Questa lettera è per gli amici che si chiedono ancora perché io sia partita. È per loro che pensano ancora che io viva in Africa in una capanna tra le bestie feroci. È per loro che mi chiedono come faccia a mantenermi e se non abbia buttato via la mia laurea. È per loro che pensano che possa rientrare in Italia con strane malattie contagiose. È anche per loro perché io me ne sono andata lontano, in un luogo sconosciuto tra gente diversa ed ho messo la mia scelta tra me e loro. È anche per loro perché so che non è sempre facile capire e condividere questa decisione.
Questa lettera è per tutte le persone che ho lasciato perché ognuna sappia che ci sono, che sono sempre con voi, che la distanza non ci ha separati. Questa lettera è per le persone che ho lasciato, ma allo stesso tempo porto sempre con me. Questa lettera è per le persone che non sono state capaci di dirmi addio o che me lo hanno detto con un barattolo della nutella vuoto.
Questa lettera è anche per me. Per ricordarmi ogni giorno di quanto io sia fortunata ad avere 2 case, 2 famiglie e mille amici. Questa lettera è per me che non ho saputo e non saprò mai dirvi addio.
Questa lettera è per noi perché ora che non ci possiamo più dire che ci vogliamo bene con un regalo di Natale ve lo dico con il cuore:
Ciao Laura ! Ho letto la tua lettera …sicuramente scritta con il cuore ! Ti capisco … io sono stata ad un passo da fare una scelta come la tua , ma non ho avuto il coraggio di lasciare le mie figlie …anche se razionalmente non le avrei mai abbandonate , ma la distanza o forse, meglio dire , i sensi di colpa mi hanno bloccata. Forse, chissà , da figlia l’avrei fatto , da mamma no!

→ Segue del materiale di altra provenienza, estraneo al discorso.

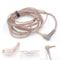 Original KZ Headphone Cord 8 Strands Gold Silver Copper Cube Mixed Upgrade Cable Headset Wire CRAZ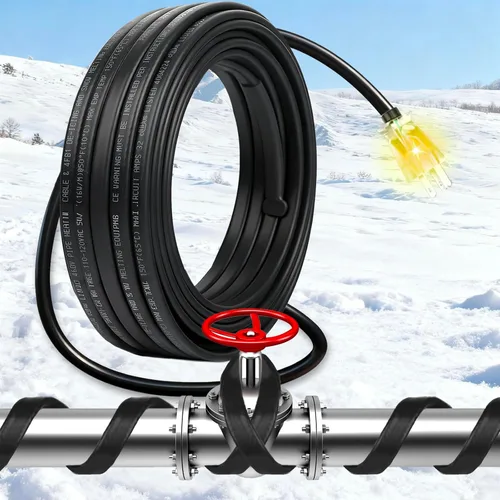 Miniatura 8 de HEATIT PLSR1 12 pies 120 V Cable de calefacción autorregulable de grado industrial y comercial, diseño de uso a largo plazo, resistente, húmedo o 12
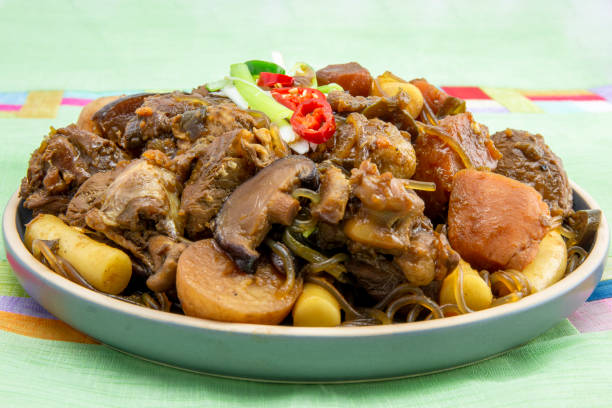 istock Stewed chicken with soy sauce 1215271922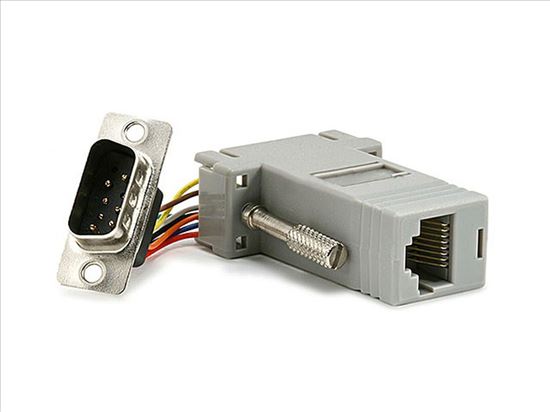 Monoprice 1151 cable gender changer DB-9 RJ-45 Gray, Silver1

Sei stata e sei coraggiosa ! Hai seguito il tuo istinto , i tuoi desideri . Grande ammirazione per i tuoi , la tua famiglia . Non credere sia facile vedere una figlia che parte , per un futuro non scritto ., per un orizzonte lontano ….grande ammirazione !
Ti lascio un saluto , a te, a quella terra che ho conosciuto , anzi , vissuto e che mi manca , alla tua famiglia keniota e a quella italiana . Un abbraccio grande ! Buona vita Laura Makena!
Ciao Pateizia.
Grazie per le bellissime parole.
Come hai ben detto le nostre scelte personali possono riflettersi sulle persone vicine a noi e non sempre è facile fare una scelta come quella che ho preso io. Per questo ringrazio i miei genitori, mio fratello e tutti quanti per aver accettato il fatto che il Kenya mi chiamasse. Un abbraccio anche a te!